§ **PROBLEM**: Repeat the data word for word, excluding every picture.

§ **DATA BLOCK**:
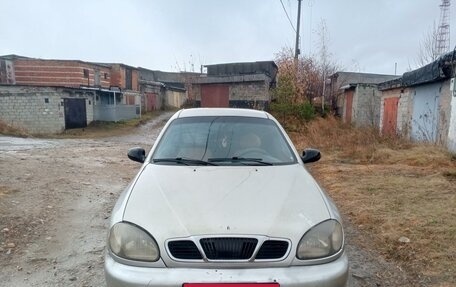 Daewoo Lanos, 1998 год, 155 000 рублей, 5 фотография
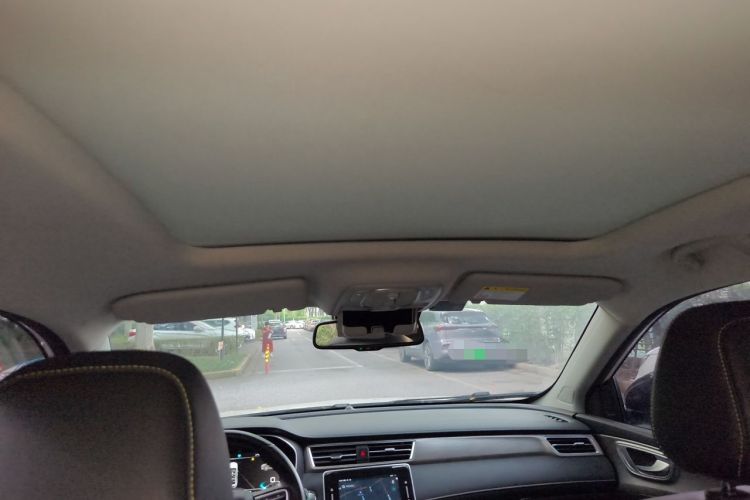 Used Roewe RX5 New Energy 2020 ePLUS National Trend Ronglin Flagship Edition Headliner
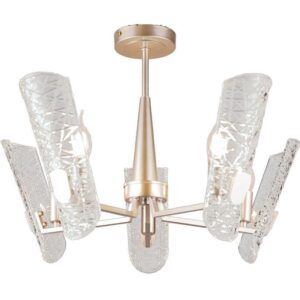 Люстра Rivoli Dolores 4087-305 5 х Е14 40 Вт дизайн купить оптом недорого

§ **SOLUTION TO THIS TASK**:
 Daewoo Lanos, 1998 год, 155 000 рублей, 5 фотография
 Used Roewe RX5 New Energy 2020 ePLUS National Trend Ronglin Flagship Edition Headliner
 Люстра Rivoli Dolores 4087-305 5 х Е14 40 Вт дизайн купить оптом недорого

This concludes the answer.